In 1992, two Fusarium species were reported to be IN-active: F. acuminatum and F. avenaceum [7]. Since then, F. oxysporum, F. tricinctum [25], F. armeniacum, F. begoniae, F. concentricum, and F. langsethiae [10] have been reported as IN-active species. However, information regarding the distribution and mechanisms of INA across Fusarium is lacking. In Korea, INA has been reported for microorganisms such as Pseudomonas syringae pv. syringae [26,27] and F. tricinctum [23]. In this study, the strain KNUF-21-F39 was collected from a declined apple tree (M. domestica) in Chungcheongbuk Province. The strain presented morphological and molecular characteristics similar to those previously reported for F. diversisporum. In addition, the strain presented the ability to act as an ice nucleator at −8℃.
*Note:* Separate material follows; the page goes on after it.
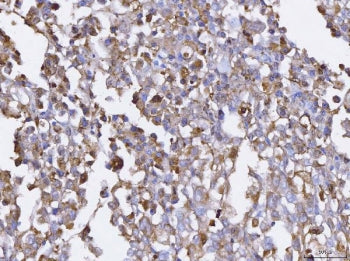 IHC staining of FFPE human pancreatic cancer tissue with BCAT1 antibody. HIER: boil tissue sections in pH8 EDTA for 20 min and allow to cool before testing.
Authors have suggested that the production of INA metabolites by some species of the genus Fusarium could be used for taxonomic classification [7]. Moreover, the production of INA metabolites can play an important environmental role and may be associated with the virulence and survival of the species [10]. Previous reports have stated that the INA of P. syringae can cause frost injury in sensitive plants [22]. Similarly, enhanced infection of plant roots by fusaria has been observed under freezing conditions [25], highlighting the importance of examining the INA of fungal species and strains along with their potential pathogenicity factors.
To our knowledge, this is the first report of F. diversisporum in Korea, and the first report of F. diversisporum as an IN-active fungus. With this study, we hope to expand the knowledge about fungal strains in Korea, as well as IN-fungal strains and their potential ecological roles.